◆ REQUIRED ACTION ◆
Please write out all of the entries beneath this line exactly, skipping the pictures.
(MATERIAL SHOWN)
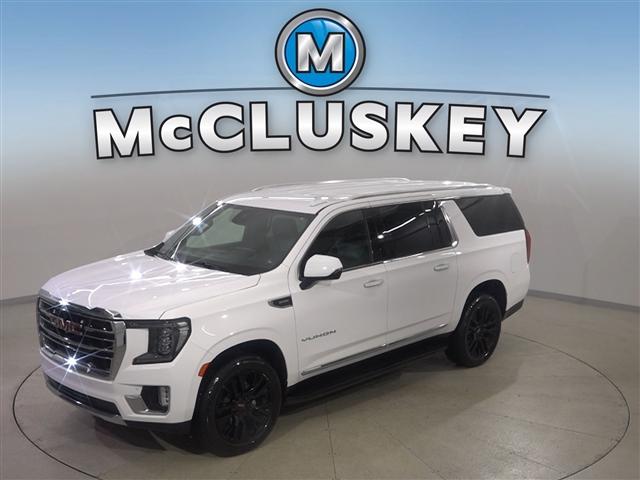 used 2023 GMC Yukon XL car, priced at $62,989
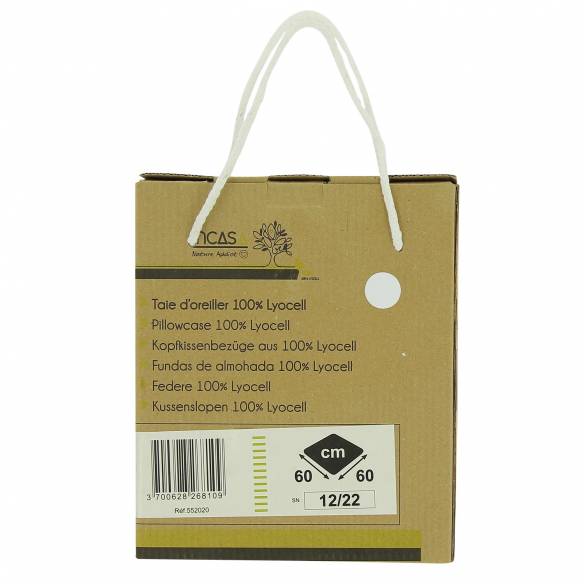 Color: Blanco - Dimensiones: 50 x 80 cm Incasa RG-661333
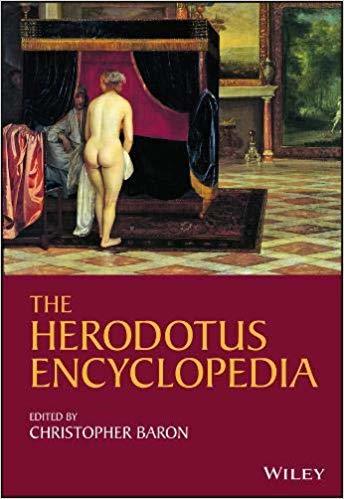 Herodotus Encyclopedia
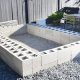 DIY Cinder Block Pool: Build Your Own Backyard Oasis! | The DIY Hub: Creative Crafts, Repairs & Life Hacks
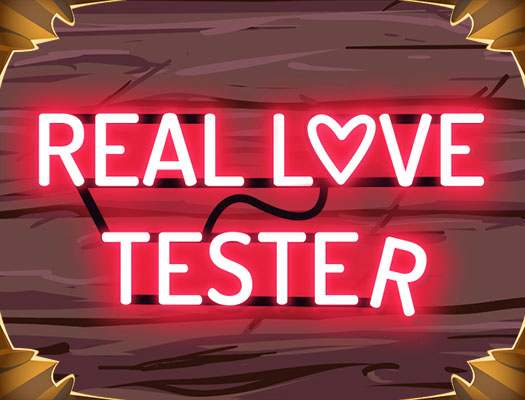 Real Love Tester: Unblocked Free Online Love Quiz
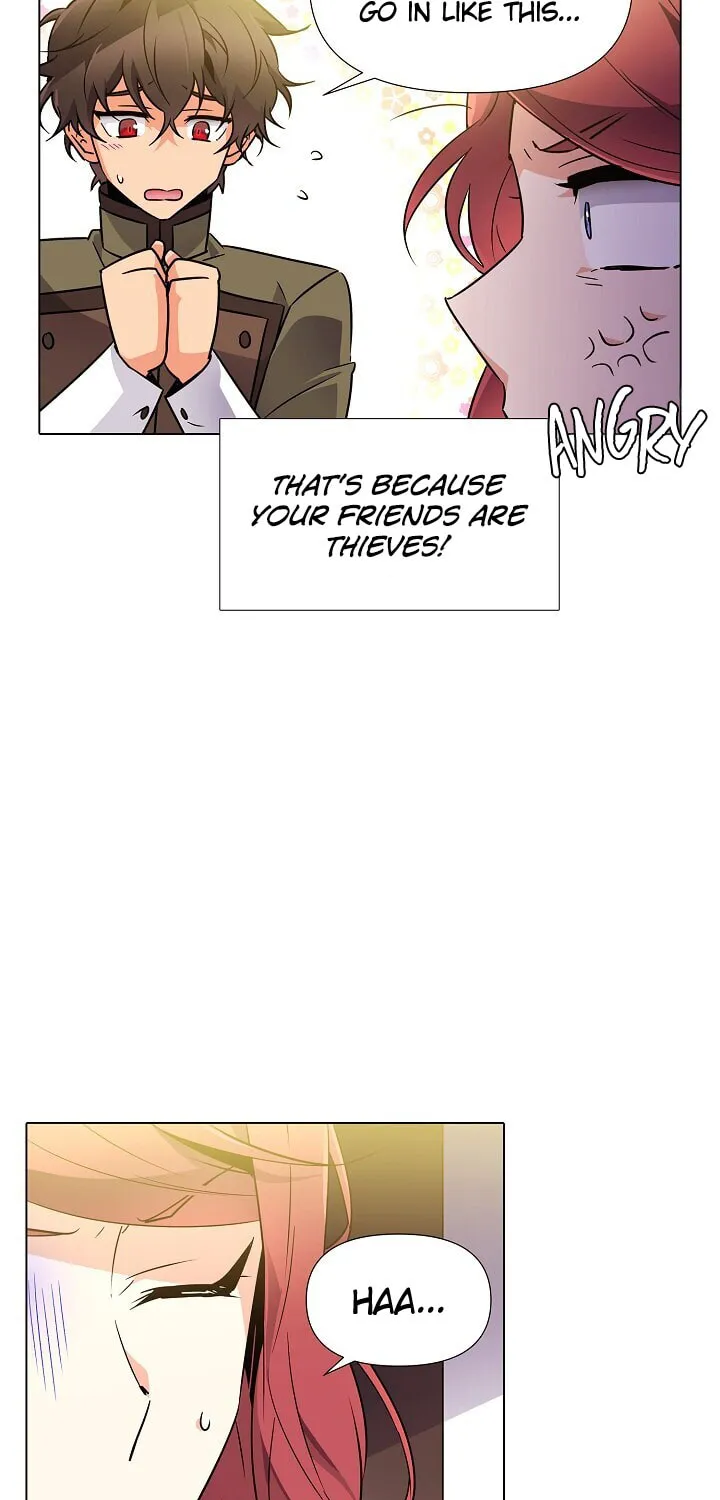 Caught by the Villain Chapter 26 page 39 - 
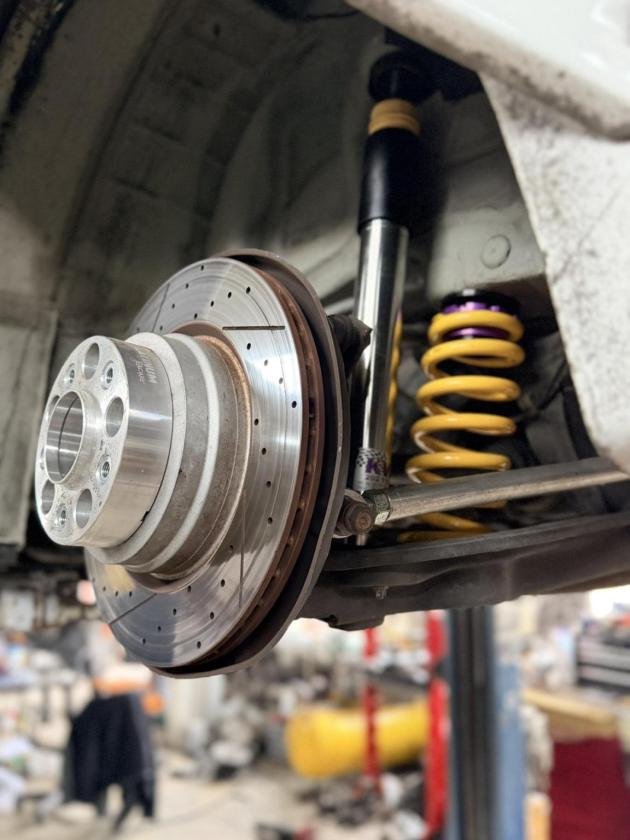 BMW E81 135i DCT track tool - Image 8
(End MATERIAL SHOWN)
◆ WRITTEN ANSWER ◆
 used 2023 GMC Yukon XL car, priced at $62,989
 Color: Blanco - Dimensiones: 50 x 80 cm Incasa RG-661333
 Herodotus Encyclopedia
 DIY Cinder Block Pool: Build Your Own Backyard Oasis! | The DIY Hub: Creative Crafts, Repairs & Life Hacks
 Real Love Tester: Unblocked Free Online Love Quiz
 Caught by the Villain Chapter 26 page 39 - 
 BMW E81 135i DCT track tool - Image 8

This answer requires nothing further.